What to produce → From the first line to the last, write out the data below exactly.

** Provided information follows **

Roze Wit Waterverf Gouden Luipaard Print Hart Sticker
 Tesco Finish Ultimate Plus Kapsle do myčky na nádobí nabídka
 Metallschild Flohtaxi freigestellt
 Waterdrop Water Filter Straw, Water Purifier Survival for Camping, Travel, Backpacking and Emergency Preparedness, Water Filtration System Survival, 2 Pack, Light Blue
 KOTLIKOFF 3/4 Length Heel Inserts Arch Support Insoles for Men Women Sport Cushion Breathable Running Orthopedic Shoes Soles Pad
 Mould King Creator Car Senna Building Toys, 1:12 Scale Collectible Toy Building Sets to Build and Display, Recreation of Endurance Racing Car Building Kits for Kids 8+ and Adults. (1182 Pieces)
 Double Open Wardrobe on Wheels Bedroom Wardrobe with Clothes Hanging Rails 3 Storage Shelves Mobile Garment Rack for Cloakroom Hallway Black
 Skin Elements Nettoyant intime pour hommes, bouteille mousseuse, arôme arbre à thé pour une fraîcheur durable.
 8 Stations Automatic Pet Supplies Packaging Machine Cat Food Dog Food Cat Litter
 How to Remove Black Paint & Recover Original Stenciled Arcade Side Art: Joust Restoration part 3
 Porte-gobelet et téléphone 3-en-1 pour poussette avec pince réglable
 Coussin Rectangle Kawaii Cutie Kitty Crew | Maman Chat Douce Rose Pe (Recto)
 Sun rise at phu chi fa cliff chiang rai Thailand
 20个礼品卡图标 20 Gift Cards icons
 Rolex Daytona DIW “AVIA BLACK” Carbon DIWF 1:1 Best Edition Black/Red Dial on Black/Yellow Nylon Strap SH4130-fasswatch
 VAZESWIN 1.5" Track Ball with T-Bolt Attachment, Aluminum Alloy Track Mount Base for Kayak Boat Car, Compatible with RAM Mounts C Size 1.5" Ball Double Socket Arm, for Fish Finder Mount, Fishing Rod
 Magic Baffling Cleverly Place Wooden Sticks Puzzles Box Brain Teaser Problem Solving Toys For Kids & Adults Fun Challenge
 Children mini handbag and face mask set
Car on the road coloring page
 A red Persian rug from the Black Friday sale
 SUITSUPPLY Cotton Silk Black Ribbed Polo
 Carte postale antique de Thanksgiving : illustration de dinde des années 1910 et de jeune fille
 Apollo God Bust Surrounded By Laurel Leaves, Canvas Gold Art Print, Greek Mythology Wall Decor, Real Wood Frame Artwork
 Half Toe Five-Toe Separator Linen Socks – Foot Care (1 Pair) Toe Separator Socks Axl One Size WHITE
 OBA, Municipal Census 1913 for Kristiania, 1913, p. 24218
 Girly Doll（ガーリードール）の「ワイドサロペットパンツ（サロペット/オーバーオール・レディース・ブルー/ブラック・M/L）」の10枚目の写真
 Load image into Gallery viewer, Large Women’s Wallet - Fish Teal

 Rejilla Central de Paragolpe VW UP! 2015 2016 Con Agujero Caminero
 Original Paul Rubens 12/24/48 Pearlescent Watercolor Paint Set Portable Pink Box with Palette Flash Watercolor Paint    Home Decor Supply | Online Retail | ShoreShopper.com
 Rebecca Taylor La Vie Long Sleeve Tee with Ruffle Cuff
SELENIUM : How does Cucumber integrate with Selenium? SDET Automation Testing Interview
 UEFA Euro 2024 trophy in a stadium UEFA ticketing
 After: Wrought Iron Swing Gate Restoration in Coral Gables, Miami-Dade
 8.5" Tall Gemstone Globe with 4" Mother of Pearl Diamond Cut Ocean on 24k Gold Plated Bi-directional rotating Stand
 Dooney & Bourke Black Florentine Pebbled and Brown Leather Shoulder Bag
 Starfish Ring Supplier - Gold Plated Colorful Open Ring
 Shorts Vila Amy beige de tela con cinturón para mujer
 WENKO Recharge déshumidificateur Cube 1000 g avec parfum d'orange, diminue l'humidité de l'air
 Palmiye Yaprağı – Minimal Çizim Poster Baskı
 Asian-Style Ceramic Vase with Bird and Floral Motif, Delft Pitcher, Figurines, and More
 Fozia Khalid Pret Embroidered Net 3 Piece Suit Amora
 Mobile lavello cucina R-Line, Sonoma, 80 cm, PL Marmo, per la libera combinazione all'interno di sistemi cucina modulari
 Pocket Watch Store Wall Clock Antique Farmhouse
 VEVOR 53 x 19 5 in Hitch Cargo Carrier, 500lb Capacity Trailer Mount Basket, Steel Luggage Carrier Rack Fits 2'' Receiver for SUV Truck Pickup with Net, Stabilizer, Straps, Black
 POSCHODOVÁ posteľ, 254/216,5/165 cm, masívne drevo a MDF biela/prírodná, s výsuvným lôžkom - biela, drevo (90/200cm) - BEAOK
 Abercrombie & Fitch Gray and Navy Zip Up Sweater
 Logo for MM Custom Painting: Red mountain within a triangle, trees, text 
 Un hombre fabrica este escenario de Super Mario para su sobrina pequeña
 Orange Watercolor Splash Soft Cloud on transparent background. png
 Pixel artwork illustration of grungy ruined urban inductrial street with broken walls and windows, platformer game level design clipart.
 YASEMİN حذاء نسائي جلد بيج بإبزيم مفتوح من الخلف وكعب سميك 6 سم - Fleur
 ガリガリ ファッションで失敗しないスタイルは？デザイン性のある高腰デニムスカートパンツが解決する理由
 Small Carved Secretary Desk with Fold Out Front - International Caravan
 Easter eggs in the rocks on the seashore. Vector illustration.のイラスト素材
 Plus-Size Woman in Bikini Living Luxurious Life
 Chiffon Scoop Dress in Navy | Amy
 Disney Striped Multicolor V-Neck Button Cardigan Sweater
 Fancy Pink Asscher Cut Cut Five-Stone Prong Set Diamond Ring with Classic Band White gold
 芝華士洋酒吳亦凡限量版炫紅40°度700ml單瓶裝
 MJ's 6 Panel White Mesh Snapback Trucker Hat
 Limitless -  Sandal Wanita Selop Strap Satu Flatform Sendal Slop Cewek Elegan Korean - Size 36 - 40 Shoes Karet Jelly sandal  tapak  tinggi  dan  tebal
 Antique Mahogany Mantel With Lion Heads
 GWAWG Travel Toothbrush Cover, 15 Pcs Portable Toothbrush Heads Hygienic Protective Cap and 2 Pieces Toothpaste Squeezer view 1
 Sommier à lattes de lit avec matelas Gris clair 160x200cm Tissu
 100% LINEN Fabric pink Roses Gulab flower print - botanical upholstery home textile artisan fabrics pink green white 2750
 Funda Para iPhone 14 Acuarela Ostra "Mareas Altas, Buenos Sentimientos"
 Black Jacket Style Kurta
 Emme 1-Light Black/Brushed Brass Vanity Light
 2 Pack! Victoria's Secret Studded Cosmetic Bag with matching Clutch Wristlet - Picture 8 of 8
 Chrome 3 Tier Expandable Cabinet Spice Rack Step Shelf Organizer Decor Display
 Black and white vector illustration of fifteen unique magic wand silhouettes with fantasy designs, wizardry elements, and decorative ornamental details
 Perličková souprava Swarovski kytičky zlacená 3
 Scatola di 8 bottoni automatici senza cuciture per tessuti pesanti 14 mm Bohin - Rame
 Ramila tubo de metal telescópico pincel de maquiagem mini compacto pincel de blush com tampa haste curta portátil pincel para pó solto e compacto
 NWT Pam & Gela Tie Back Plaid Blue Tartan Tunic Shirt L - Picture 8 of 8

** End of Provided information **

Answer box →
Roze Wit Waterverf Gouden Luipaard Print Hart Sticker
 Tesco Finish Ultimate Plus Kapsle do myčky na nádobí nabídka
 Metallschild Flohtaxi freigestellt
 Waterdrop Water Filter Straw, Water Purifier Survival for Camping, Travel, Backpacking and Emergency Preparedness, Water Filtration System Survival, 2 Pack, Light Blue
 KOTLIKOFF 3/4 Length Heel Inserts Arch Support Insoles for Men Women Sport Cushion Breathable Running Orthopedic Shoes Soles Pad
 Mould King Creator Car Senna Building Toys, 1:12 Scale Collectible Toy Building Sets to Build and Display, Recreation of Endurance Racing Car Building Kits for Kids 8+ and Adults. (1182 Pieces)
 Double Open Wardrobe on Wheels Bedroom Wardrobe with Clothes Hanging Rails 3 Storage Shelves Mobile Garment Rack for Cloakroom Hallway Black
 Skin Elements Nettoyant intime pour hommes, bouteille mousseuse, arôme arbre à thé pour une fraîcheur durable.
 8 Stations Automatic Pet Supplies Packaging Machine Cat Food Dog Food Cat Litter
 How to Remove Black Paint & Recover Original Stenciled Arcade Side Art: Joust Restoration part 3
 Porte-gobelet et téléphone 3-en-1 pour poussette avec pince réglable
 Coussin Rectangle Kawaii Cutie Kitty Crew | Maman Chat Douce Rose Pe (Recto)
 Sun rise at phu chi fa cliff chiang rai Thailand
 20个礼品卡图标 20 Gift Cards icons
 Rolex Daytona DIW “AVIA BLACK” Carbon DIWF 1:1 Best Edition Black/Red Dial on Black/Yellow Nylon Strap SH4130-fasswatch
 VAZESWIN 1.5" Track Ball with T-Bolt Attachment, Aluminum Alloy Track Mount Base for Kayak Boat Car, Compatible with RAM Mounts C Size 1.5" Ball Double Socket Arm, for Fish Finder Mount, Fishing Rod
 Magic Baffling Cleverly Place Wooden Sticks Puzzles Box Brain Teaser Problem Solving Toys For Kids & Adults Fun Challenge
 Children mini handbag and face mask set
Car on the road coloring page
 A red Persian rug from the Black Friday sale
 SUITSUPPLY Cotton Silk Black Ribbed Polo
 Carte postale antique de Thanksgiving : illustration de dinde des années 1910 et de jeune fille
 Apollo God Bust Surrounded By Laurel Leaves, Canvas Gold Art Print, Greek Mythology Wall Decor, Real Wood Frame Artwork
 Half Toe Five-Toe Separator Linen Socks – Foot Care (1 Pair) Toe Separator Socks Axl One Size WHITE
 OBA, Municipal Census 1913 for Kristiania, 1913, p. 24218
 Girly Doll（ガーリードール）の「ワイドサロペットパンツ（サロペット/オーバーオール・レディース・ブルー/ブラック・M/L）」の10枚目の写真
 Load image into Gallery viewer, Large Women’s Wallet - Fish Teal

 Rejilla Central de Paragolpe VW UP! 2015 2016 Con Agujero Caminero
 Original Paul Rubens 12/24/48 Pearlescent Watercolor Paint Set Portable Pink Box with Palette Flash Watercolor Paint    Home Decor Supply | Online Retail | ShoreShopper.com
 Rebecca Taylor La Vie Long Sleeve Tee with Ruffle Cuff
SELENIUM : How does Cucumber integrate with Selenium? SDET Automation Testing Interview
 UEFA Euro 2024 trophy in a stadium UEFA ticketing
 After: Wrought Iron Swing Gate Restoration in Coral Gables, Miami-Dade
 8.5" Tall Gemstone Globe with 4" Mother of Pearl Diamond Cut Ocean on 24k Gold Plated Bi-directional rotating Stand
 Dooney & Bourke Black Florentine Pebbled and Brown Leather Shoulder Bag
 Starfish Ring Supplier - Gold Plated Colorful Open Ring
 Shorts Vila Amy beige de tela con cinturón para mujer
 WENKO Recharge déshumidificateur Cube 1000 g avec parfum d'orange, diminue l'humidité de l'air
 Palmiye Yaprağı – Minimal Çizim Poster Baskı
 Asian-Style Ceramic Vase with Bird and Floral Motif, Delft Pitcher, Figurines, and More
 Fozia Khalid Pret Embroidered Net 3 Piece Suit Amora
 Mobile lavello cucina R-Line, Sonoma, 80 cm, PL Marmo, per la libera combinazione all'interno di sistemi cucina modulari
 Pocket Watch Store Wall Clock Antique Farmhouse
 VEVOR 53 x 19 5 in Hitch Cargo Carrier, 500lb Capacity Trailer Mount Basket, Steel Luggage Carrier Rack Fits 2'' Receiver for SUV Truck Pickup with Net, Stabilizer, Straps, Black
 POSCHODOVÁ posteľ, 254/216,5/165 cm, masívne drevo a MDF biela/prírodná, s výsuvným lôžkom - biela, drevo (90/200cm) - BEAOK
 Abercrombie & Fitch Gray and Navy Zip Up Sweater
 Logo for MM Custom Painting: Red mountain within a triangle, trees, text 
 Un hombre fabrica este escenario de Super Mario para su sobrina pequeña
 Orange Watercolor Splash Soft Cloud on transparent background. png
 Pixel artwork illustration of grungy ruined urban inductrial street with broken walls and windows, platformer game level design clipart.
 YASEMİN حذاء نسائي جلد بيج بإبزيم مفتوح من الخلف وكعب سميك 6 سم - Fleur
 ガリガリ ファッションで失敗しないスタイルは？デザイン性のある高腰デニムスカートパンツが解決する理由
 Small Carved Secretary Desk with Fold Out Front - International Caravan
 Easter eggs in the rocks on the seashore. Vector illustration.のイラスト素材
 Plus-Size Woman in Bikini Living Luxurious Life
 Chiffon Scoop Dress in Navy | Amy
 Disney Striped Multicolor V-Neck Button Cardigan Sweater
 Fancy Pink Asscher Cut Cut Five-Stone Prong Set Diamond Ring with Classic Band White gold
 芝華士洋酒吳亦凡限量版炫紅40°度700ml單瓶裝
 MJ's 6 Panel White Mesh Snapback Trucker Hat
 Limitless -  Sandal Wanita Selop Strap Satu Flatform Sendal Slop Cewek Elegan Korean - Size 36 - 40 Shoes Karet Jelly sandal  tapak  tinggi  dan  tebal
 Antique Mahogany Mantel With Lion Heads
 GWAWG Travel Toothbrush Cover, 15 Pcs Portable Toothbrush Heads Hygienic Protective Cap and 2 Pieces Toothpaste Squeezer view 1
 Sommier à lattes de lit avec matelas Gris clair 160x200cm Tissu
 100% LINEN Fabric pink Roses Gulab flower print - botanical upholstery home textile artisan fabrics pink green white 2750
 Funda Para iPhone 14 Acuarela Ostra "Mareas Altas, Buenos Sentimientos"
 Black Jacket Style Kurta
 Emme 1-Light Black/Brushed Brass Vanity Light
 2 Pack! Victoria's Secret Studded Cosmetic Bag with matching Clutch Wristlet - Picture 8 of 8
 Chrome 3 Tier Expandable Cabinet Spice Rack Step Shelf Organizer Decor Display
 Black and white vector illustration of fifteen unique magic wand silhouettes with fantasy designs, wizardry elements, and decorative ornamental details
 Perličková souprava Swarovski kytičky zlacená 3
 Scatola di 8 bottoni automatici senza cuciture per tessuti pesanti 14 mm Bohin - Rame
 Ramila tubo de metal telescópico pincel de maquiagem mini compacto pincel de blush com tampa haste curta portátil pincel para pó solto e compacto
 NWT Pam & Gela Tie Back Plaid Blue Tartan Tunic Shirt L - Picture 8 of 8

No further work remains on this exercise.